(EXCERPTED DATA begins)
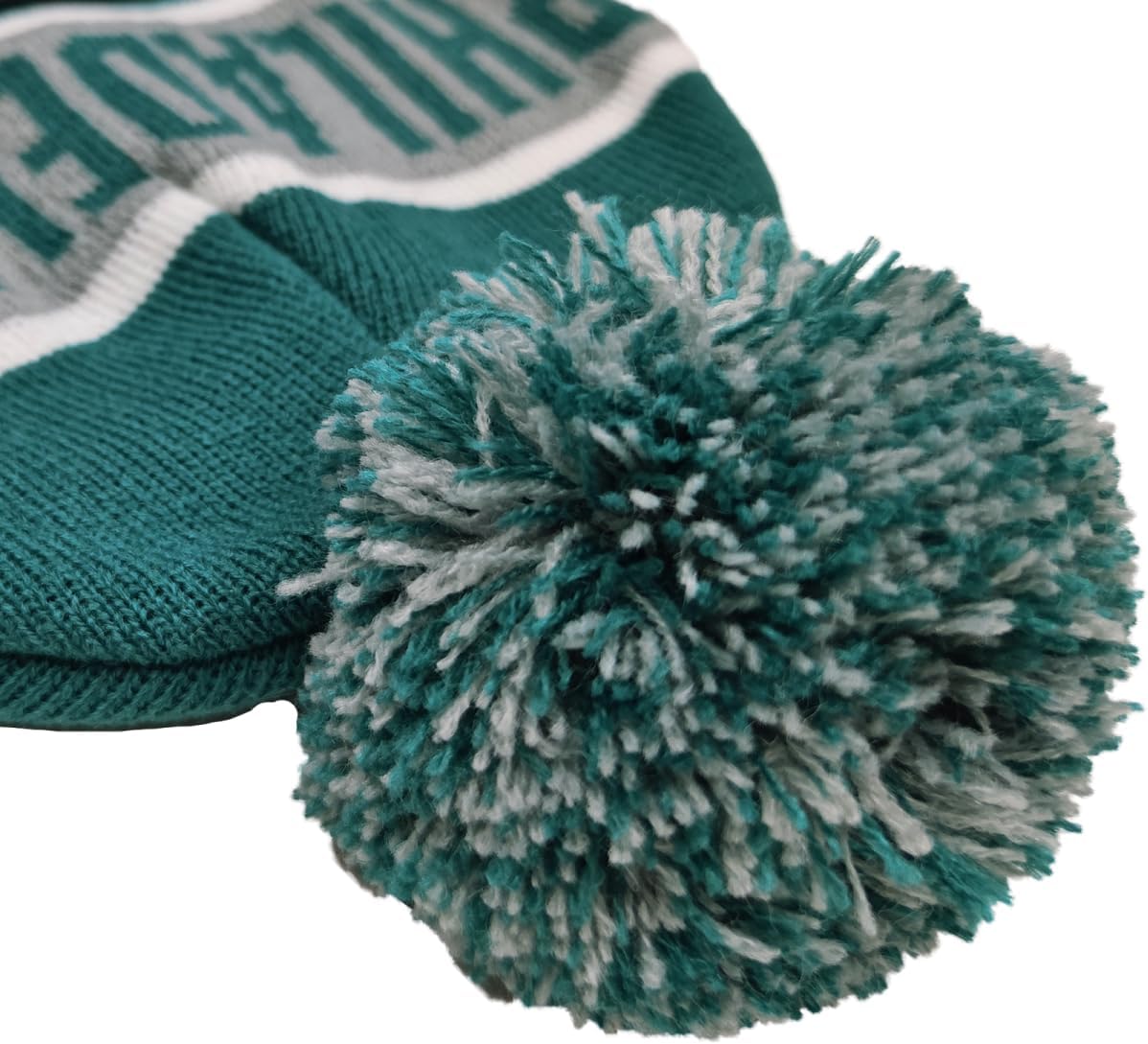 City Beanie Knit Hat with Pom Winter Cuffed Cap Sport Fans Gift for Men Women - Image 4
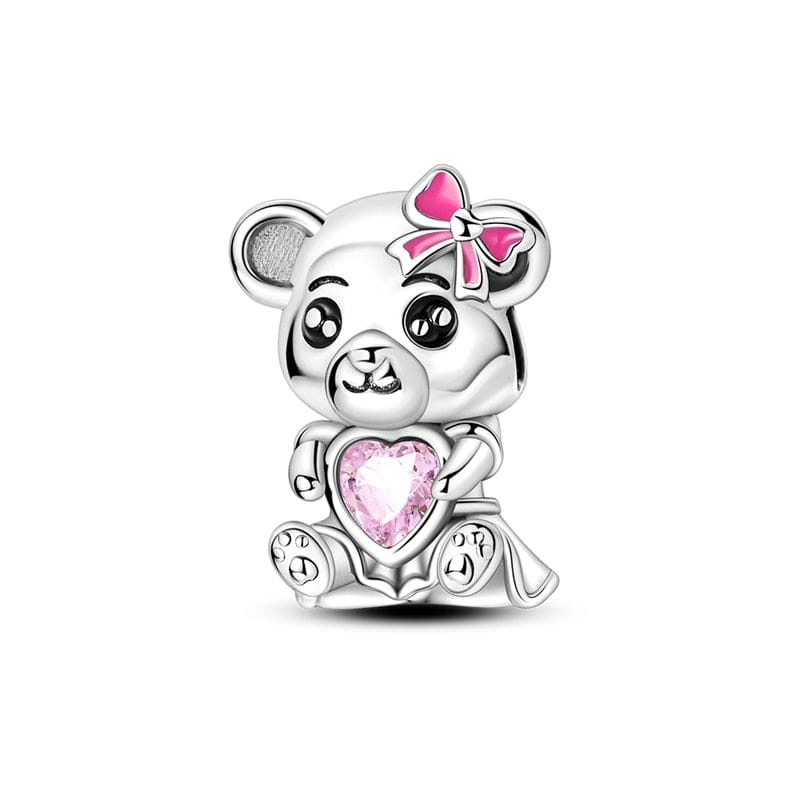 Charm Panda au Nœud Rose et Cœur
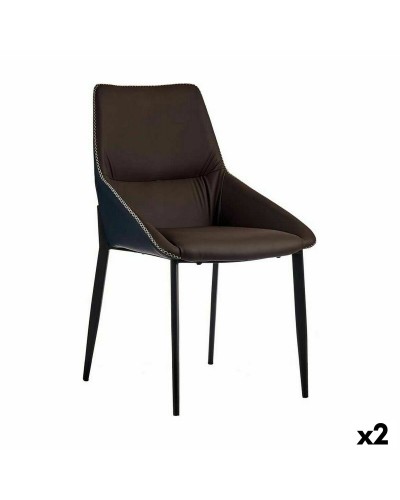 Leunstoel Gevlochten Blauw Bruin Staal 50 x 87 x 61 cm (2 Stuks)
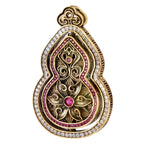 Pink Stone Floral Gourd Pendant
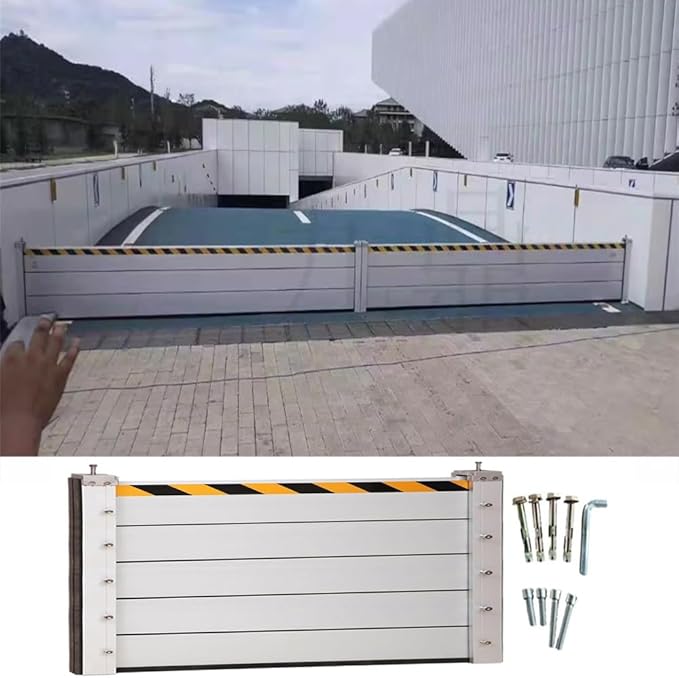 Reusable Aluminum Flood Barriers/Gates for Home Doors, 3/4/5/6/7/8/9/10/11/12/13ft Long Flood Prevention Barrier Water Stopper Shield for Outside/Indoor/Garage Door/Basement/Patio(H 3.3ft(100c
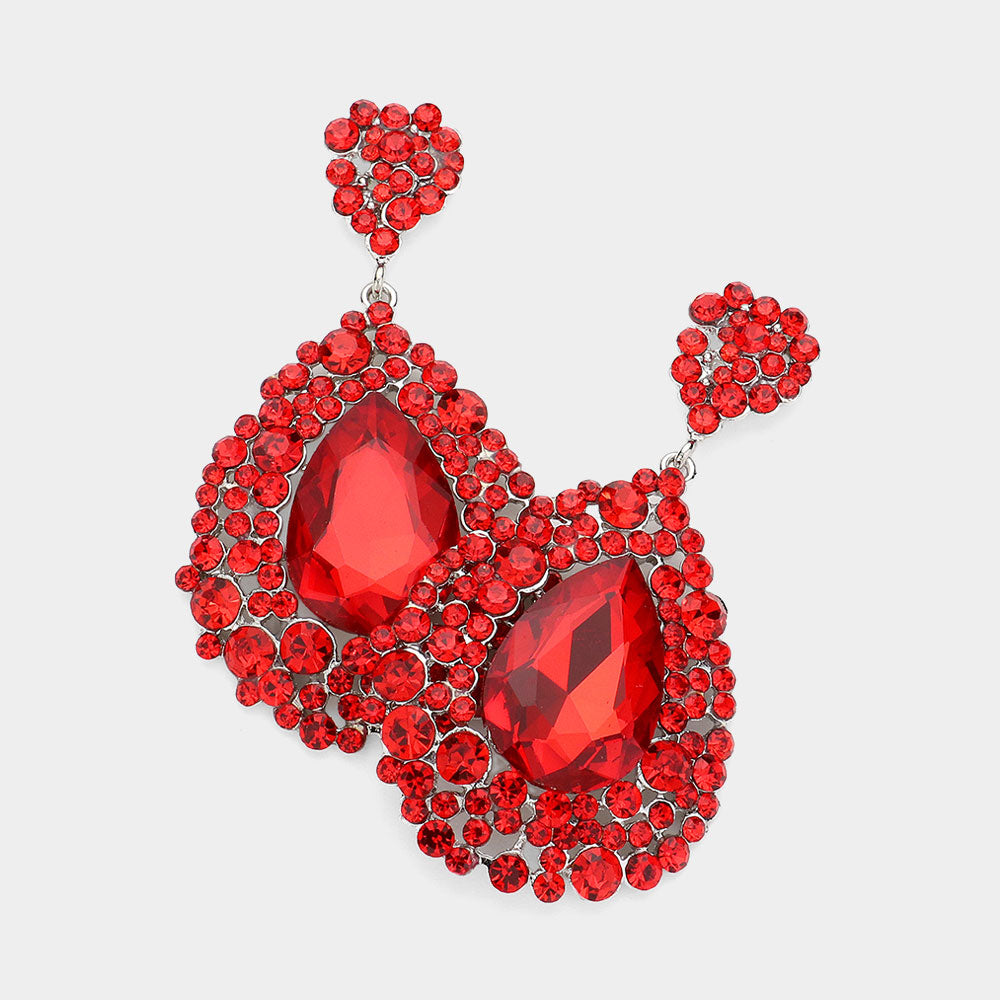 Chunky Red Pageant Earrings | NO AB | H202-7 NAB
(EXCERPTED DATA ends)
WHAT YOU SHOULD DO
Set down the entire material verbatim, with each picture left out.

COMPLETED TASK
 City Beanie Knit Hat with Pom Winter Cuffed Cap Sport Fans Gift for Men Women - Image 4
 Charm Panda au Nœud Rose et Cœur
 Leunstoel Gevlochten Blauw Bruin Staal 50 x 87 x 61 cm (2 Stuks)
 Pink Stone Floral Gourd Pendant
 Reusable Aluminum Flood Barriers/Gates for Home Doors, 3/4/5/6/7/8/9/10/11/12/13ft Long Flood Prevention Barrier Water Stopper Shield for Outside/Indoor/Garage Door/Basement/Patio(H 3.3ft(100c
 Chunky Red Pageant Earrings | NO AB | H202-7 NAB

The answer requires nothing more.